Утром в наших газетах и радио о сенсационном пленуме ЦК не было ни слова. К Феликсу Каштанову приехала на несколько дней жена, и в обеденный перерыв мы втроем отправились в ресторан при гостинице. Пока обедали, я рассказал им о том, что произошло. Голос у меня громкий, шептать я не умею, и хотя в ресторанном зале было шумно, как всегда в обед, за соседним столом, за которым сидели мужчина и женщина, воцарилась мертвая тишина. Но я не обратил на это внимания.
К счастью, мы ничего не пили, даже пива. Пообедали и ушли. Назавтра в газетах напечатали информационное сообщение о смене власти в стране. Вечером был пленум обкома, на котором представители нашего ЦК, те самые женщина и мужчина, которые, на мою беду, сидели за соседним с нами столом, доложили об итогах московского пленума и получили полное "одобрямс".Но я ничего этого не знал - меня телефонограммой срочно вызвали в Минск.
Я шел в издательство, когда встретил Сергея Ивановича Граховского. Вид у него был донельзя растерянный и испуганный.
- Миша, - сказал он оглядываясь, - что вы там натворили в Гродно?
- Ничего, - удивился я. - Списывал сталинскую макулатуру.
- По всему Минску говорят, что вы там устроили какой-то антисоветский митинг, ораторствовали и чуть ли не призывали к свержению советской власти. Господи, Миша, неужели жизнь вас ничему не научила?!
От тревожного предчувствия у меня сжалось сердце. Что за чертовщина? Какой митинг? Где я его мог проводить? На складе в подвале?
В издательстве меня тут же направили к директору. Едва я, робко постучав, открыл дверь в его кабинет, Захар Петрович Матузов взвился из-за своего стола. Лицо у него побагровело, как после хорошей пьянки, глаза метали громы и молнии.
- Зачем я тебя послал в Гродно? - прорычал он, не ответив на мое "Здравствуйте.".

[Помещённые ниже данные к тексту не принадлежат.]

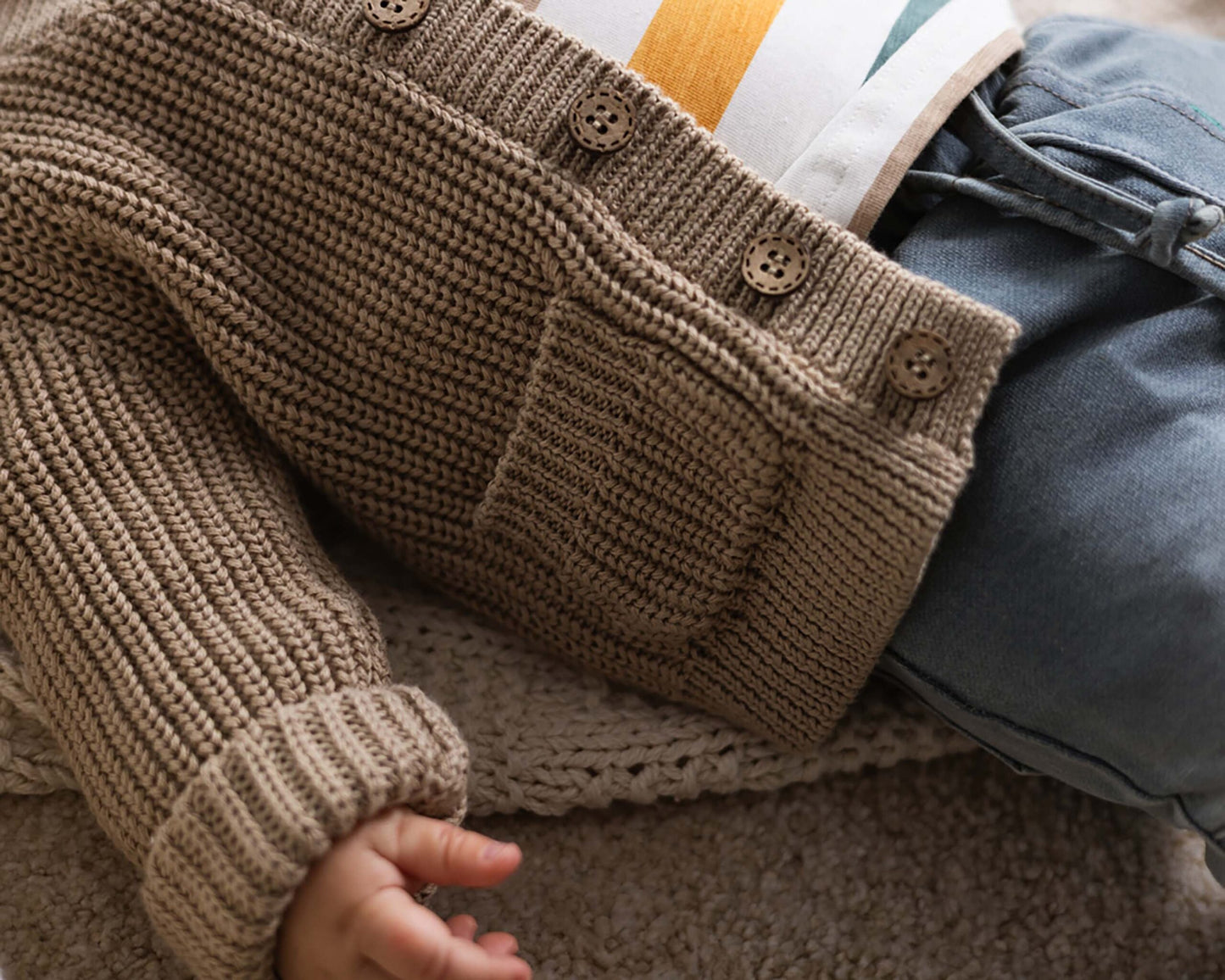 Bess: Cardigan Knit sand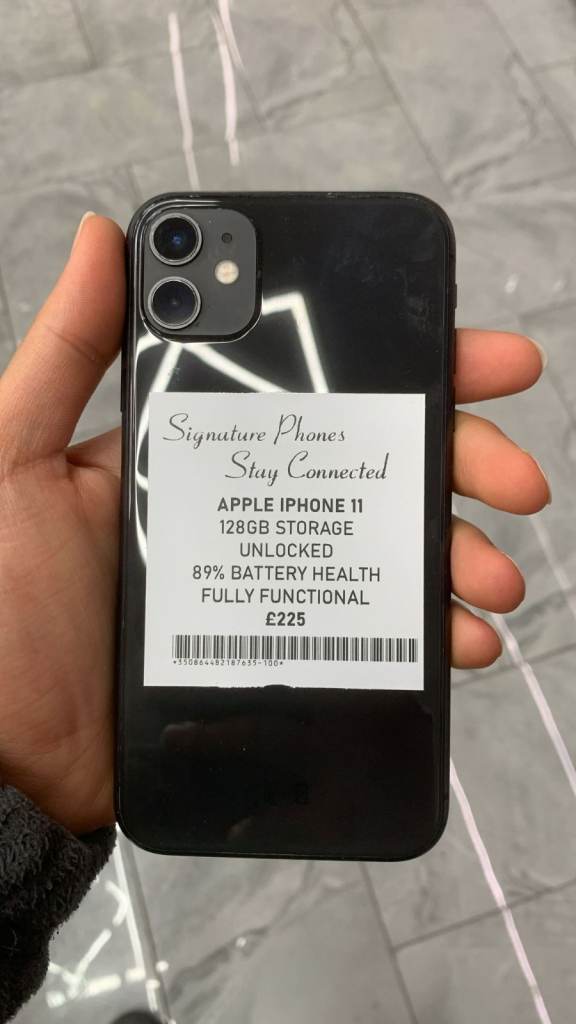 Apple iPhone 11, 128GB Storage, Unlocked – Good Condition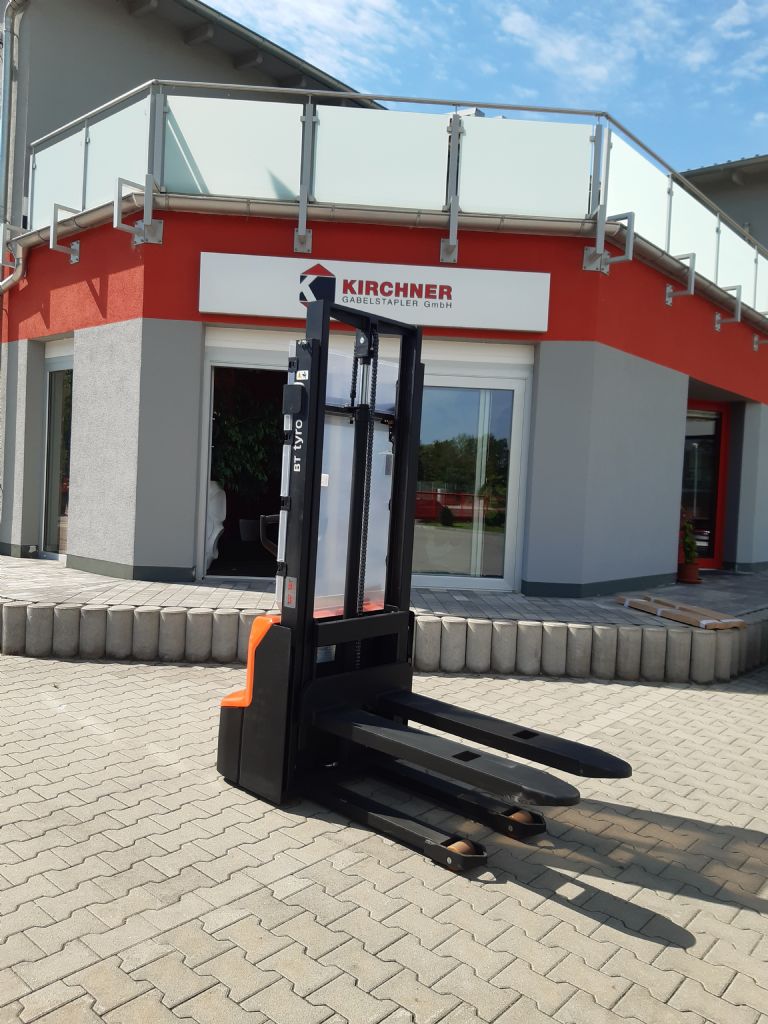 BT SHE100 Hochhubwagen kirchnerpartner.de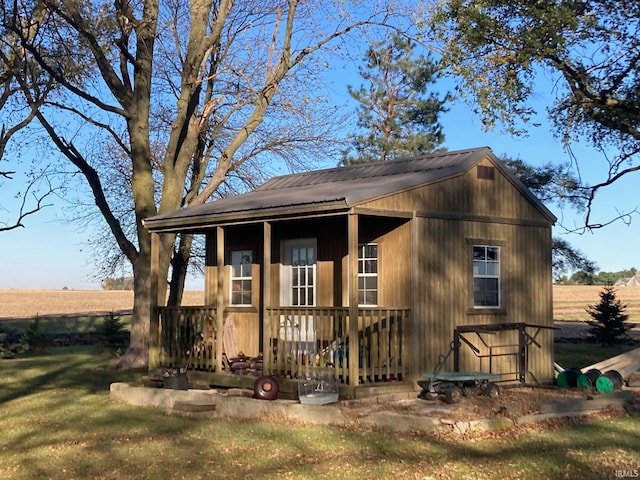 view of front of home with a porch and a front lawn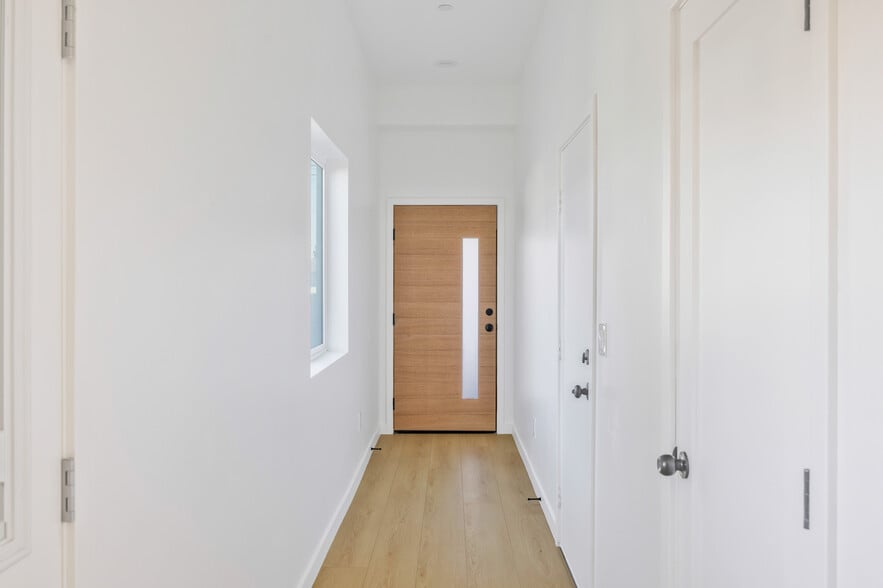 10905 Dalerose Ave, Inglewood, CA for sale - Primary Photo - Image 1 of 68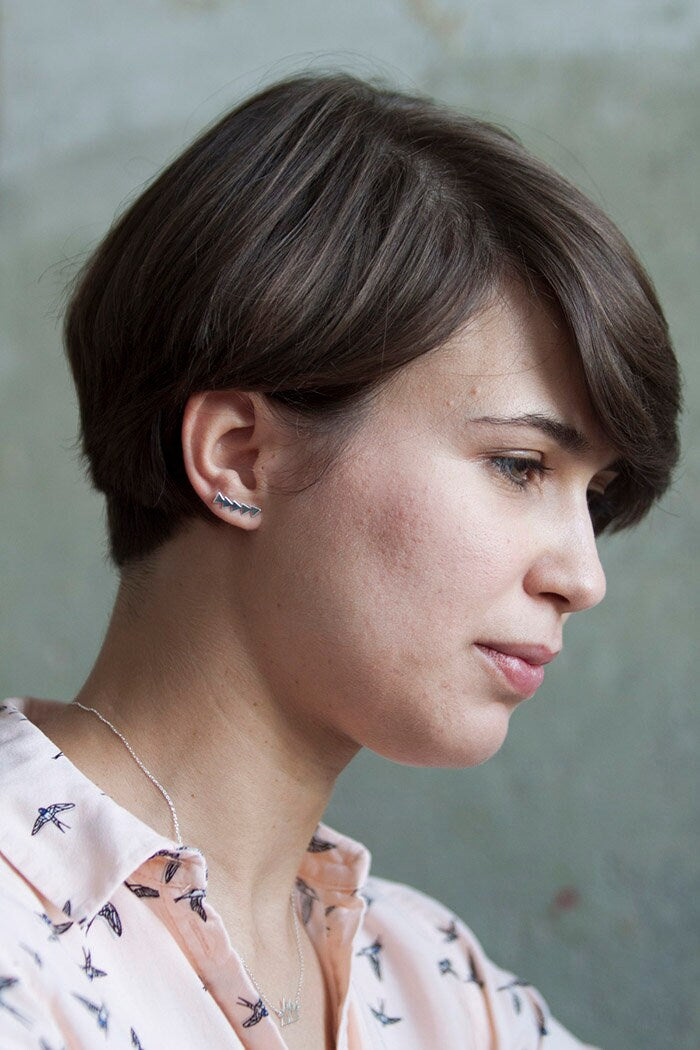 SILVER earrings. TRIANGLES. Sterling silver. Asymmetric earrings. Contrasted minimalist earrings. Ear climber.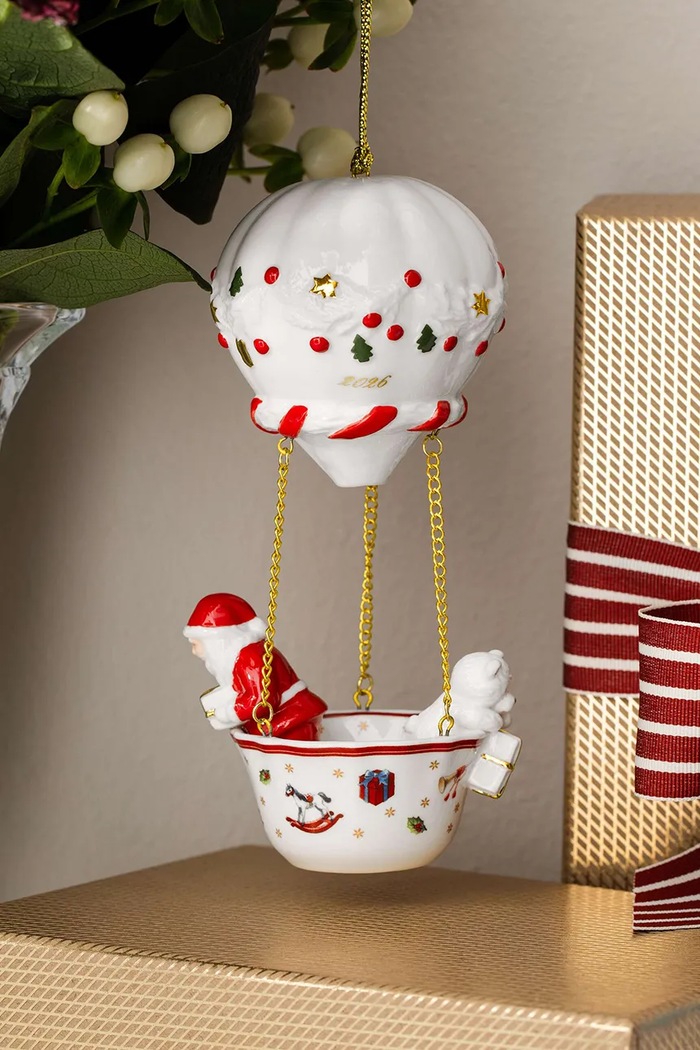 Zawieszka świąteczna z porcelany Christmas Classics Villeroy & Boch 14.8675.4367 multicolor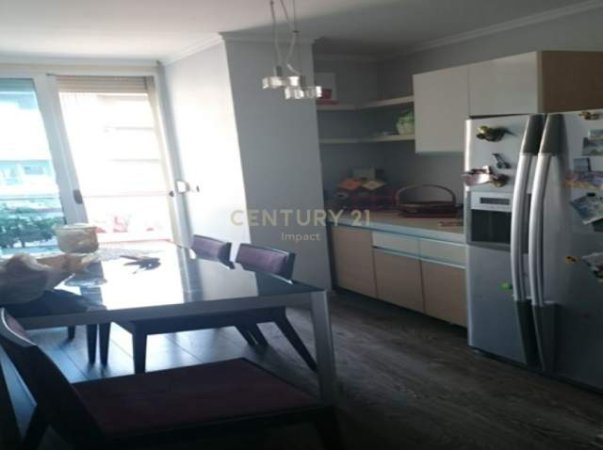 Tirane, shitet apartament 2+1+BLK Kati 8, 109 m² 122.000 Euro (Rruga Xhanfize Keko Tirana, Albania)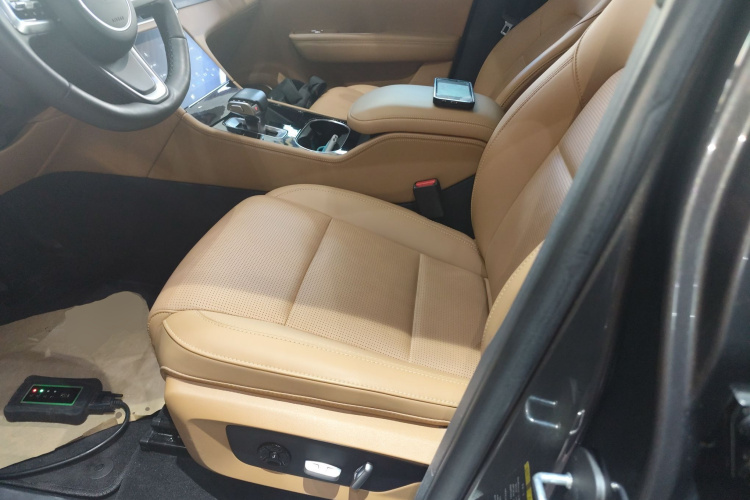 理想汽车 理想ONE 2021款 增程6座版中控内饰19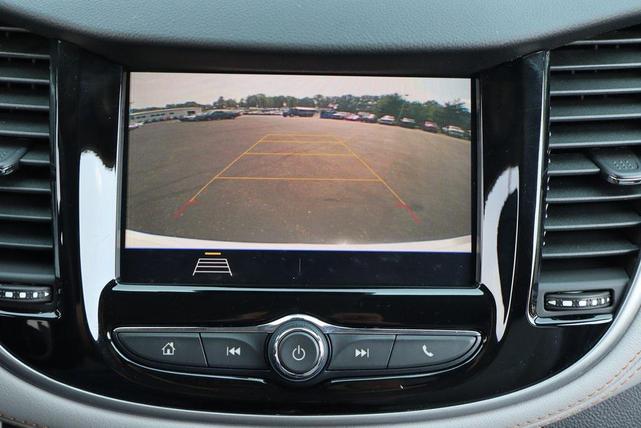 Photo of 2022 Iridescent Pearl Tricoat Chevrolet Trax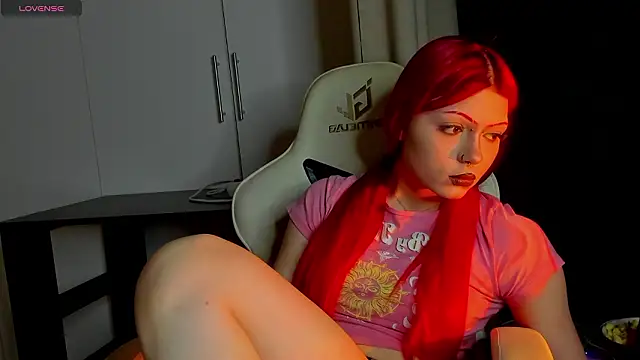 Snapshot of Leah_Castro chatting on 25, 2, 2026 Leah Castro online show from 25, 2, 2026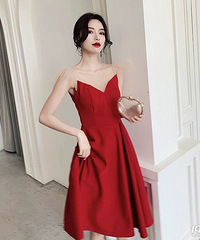 �������������ȹ ��ɫ���Ҳ������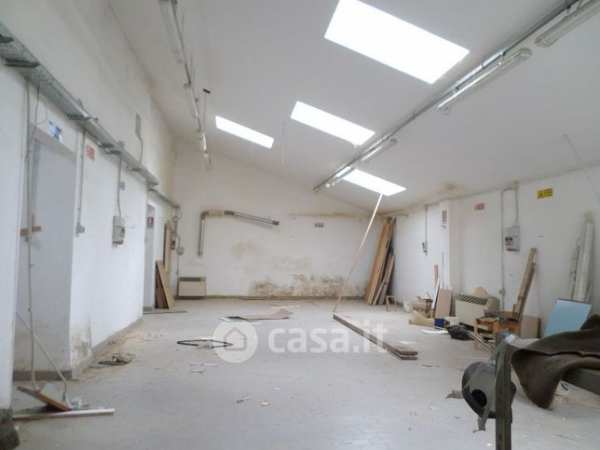 Capannone in commerciale in Via Gherardo Caponsacchi 52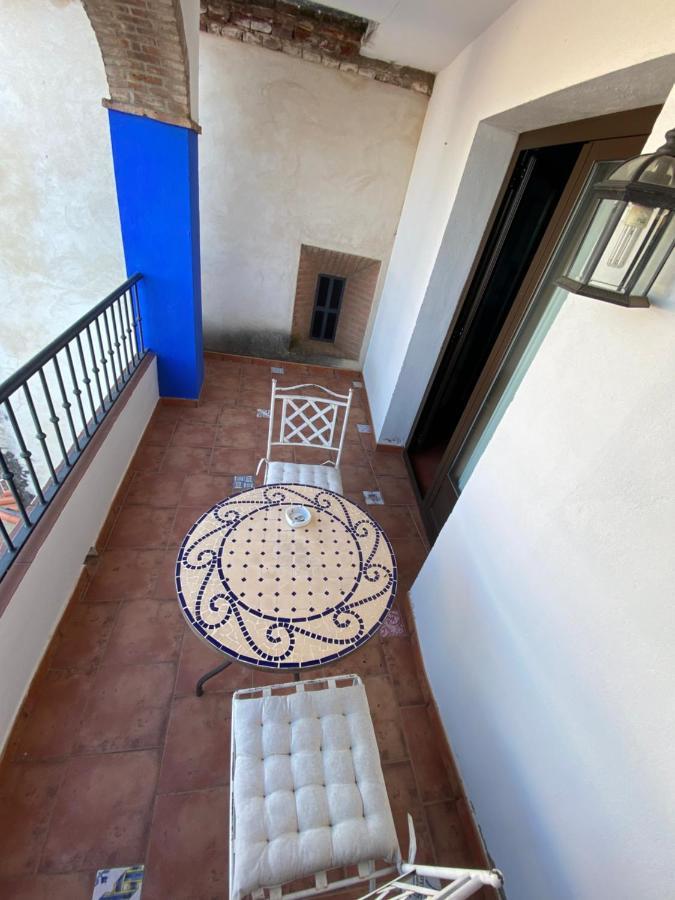 Hotel Rural La Posada De Las Cigueenas Jerez De Los Caballeros Eksteriør bilde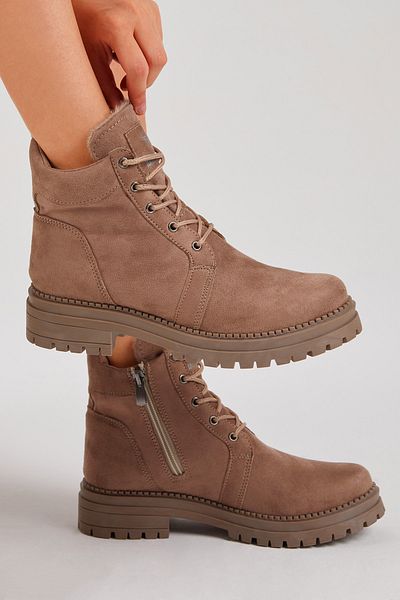 Tonny Black Γυναικείες μπότες με άνετη εφαρμογή Mink Lace Up
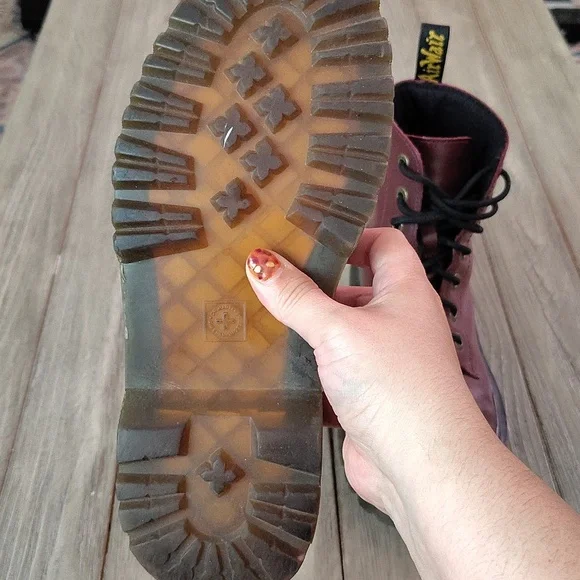 Dr. Martens 1460 Women's Smooth Leather Lace Up Boots In Cherry Red Woman's 9 - Picture 15 of 15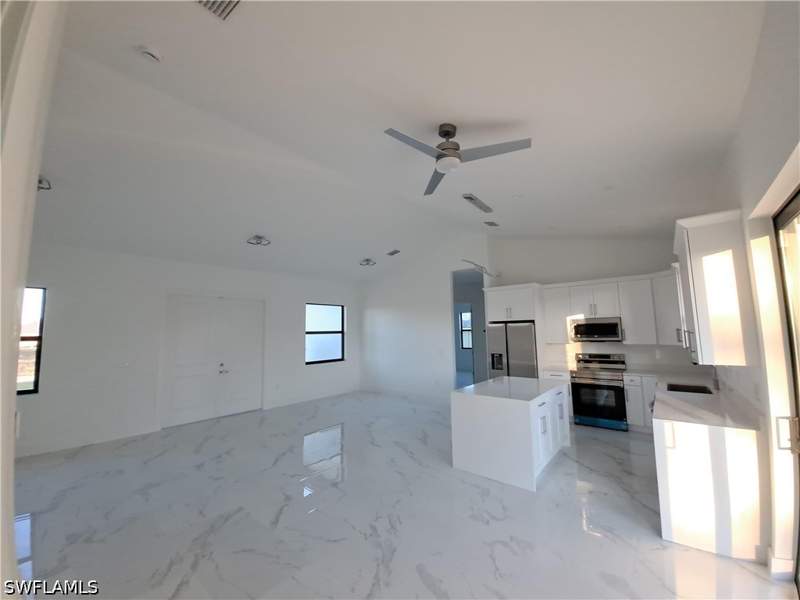 3 bedroom SingleFamilyResidence at 2915 28th St SW, Lehigh Acres, Lehigh Acres — photo 5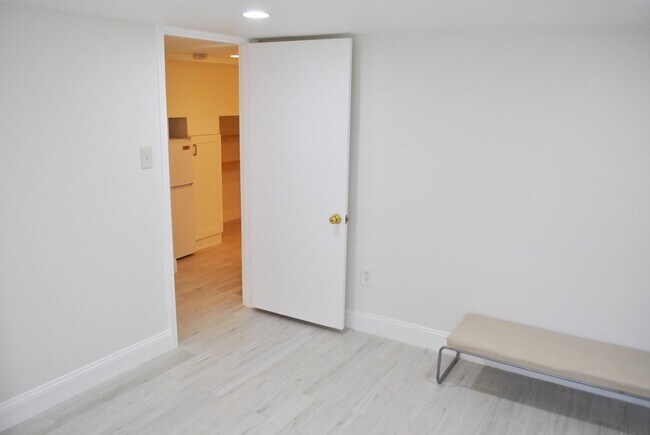 Building Photo - Georgetown near GT Medstar Hospital, Chic Rowhouse 5br/3Ba w/Yard, Deck, Parking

- Списывать устаревшую литературу, - все еще ничего не понимая, ответил я.
- Так какого же ты черта... - Махнув рукой, он уселся в свое кресло. - Вот что, со вчерашнего дня ты уволен. Собери свои бумаги и выметывайся из издательства, чтоб тебя больше глаза мои не видели.
- Да что все-таки случилось? - взмолился я. - Вы мне можете хоть что-то объяснить?
- Мне позвонили из ЦК партии, что ты в ресторане напился и организовал антисоветский митинг, - ответил Матузов.
Ошеломленный услышанным, я вышел. Я уже не был таким наивным простачком, как в юности, знал, что вся страна нашпигована доносчиками и сексотами, что смерть Сталина в этом смысле ничего не изменила, но все равно никакой вины за собой не чувствовал. Меня грязно и подло оболгали, искать справедливости я мог только в одном месте: там, откуда эта ложь пошла гулять по Минску, - в ЦК.
Когда я зашел к себе в кабинет, заведующий редакцией Владимир Михайлович Шаховец сказал, что моя "Повесть о золотой рыбке" по приказу руководства исключена из темплана, рукопись я могу забрать в любое время. Но это уже не волновало меня. Как говорила моя мама: "Не до поросят, когда свинью смолят".